Improving Heart & Lung Health
Whether you're running and gunning for turkeys, spotting and stalking elk, or hiking in a couple miles to your deer stand, hunting can often require you to hoof it through the great outdoors and really get your heart pumping. Breathing in the fresh air while working hard can be great for both your cardiovascular and respiratory systems. Taxing trips into the high country can help condition your body to deal with high altitude, and just being active in general has been proven to be beneficial for just about every person of any age or health status. Are hunters lazy couch potatoes?

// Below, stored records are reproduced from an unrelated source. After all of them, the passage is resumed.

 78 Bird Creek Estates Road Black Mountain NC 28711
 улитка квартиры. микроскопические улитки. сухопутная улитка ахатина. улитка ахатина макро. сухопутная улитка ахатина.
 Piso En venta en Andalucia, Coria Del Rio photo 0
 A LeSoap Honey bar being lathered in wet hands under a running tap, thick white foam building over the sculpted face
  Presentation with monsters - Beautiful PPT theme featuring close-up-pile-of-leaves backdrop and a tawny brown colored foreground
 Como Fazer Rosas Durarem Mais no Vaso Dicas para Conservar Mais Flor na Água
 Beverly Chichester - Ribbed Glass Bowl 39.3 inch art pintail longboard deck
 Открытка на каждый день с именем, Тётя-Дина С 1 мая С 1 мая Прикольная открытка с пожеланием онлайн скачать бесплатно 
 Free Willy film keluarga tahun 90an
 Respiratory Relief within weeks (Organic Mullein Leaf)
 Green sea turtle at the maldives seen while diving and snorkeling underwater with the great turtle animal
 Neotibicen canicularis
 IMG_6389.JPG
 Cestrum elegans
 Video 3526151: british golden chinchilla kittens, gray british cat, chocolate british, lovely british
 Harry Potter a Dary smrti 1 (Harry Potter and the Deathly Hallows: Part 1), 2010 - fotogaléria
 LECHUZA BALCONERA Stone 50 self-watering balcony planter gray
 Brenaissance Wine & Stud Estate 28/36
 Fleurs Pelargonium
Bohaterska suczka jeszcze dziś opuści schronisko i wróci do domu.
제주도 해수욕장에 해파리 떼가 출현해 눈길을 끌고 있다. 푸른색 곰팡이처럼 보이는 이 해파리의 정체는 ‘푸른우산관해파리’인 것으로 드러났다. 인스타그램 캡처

Not successful ones, that's for sure.
Building Muscle
With proper form, consistently shooting your bow in preparation for archery season will engage muscles throughout your body, including your core, back, and shoulders. The more you practice, the stronger you'll get — you'll notice it gets easier to hold your bow at full draw longer, and you might even be able to bump up your draw weight. Lugging treestands into the big woods, climbing up tree steps while weighed down with cold-weather gear, ascending steep summits with a heavy daypack, dragging a bruiser buck to the truck, packing out an old bull from the backcountry — it's all demanding on your body and builds strength over time.
Boosting Endurance
Some types and elements of hunting require short bursts of energy or effort, but others demand long stretches of endurance. Moving in on an animal you glassed from miles away, trekking treacherous goat country for days at a time, packing out hundreds of pounds of meat over the course of several trips — consistent work over an extended period of time just takes a different type of toughness.
Increasing Mental Fitness
Hunting doesn't just help make you physically tough and strong. It can improve your mental toughness too. Willing yourself to sit motionless in the freezing cold from first light until dark or pushing yourself to make it just 100 yards farther after you've already reached complete exhaustion is as much a mental game as it is a physical one. Overcoming target panic or buck fever and keeping your cool when a bull is bugling just a few yards away isn't easy. Intense, stressful, and nerve-racking situations are common when hunting, and learning how to overcome them is what sets the most successful hunters apart.
How to Prepare
While consistent, hardcore hunting will force you to get into shape to some extent, proactively getting yourself in peak condition beforehand will improve your odds for success, make the hunting experience much more enjoyable. It will also increase the overall health benefits of hunting. Here are our suggestions.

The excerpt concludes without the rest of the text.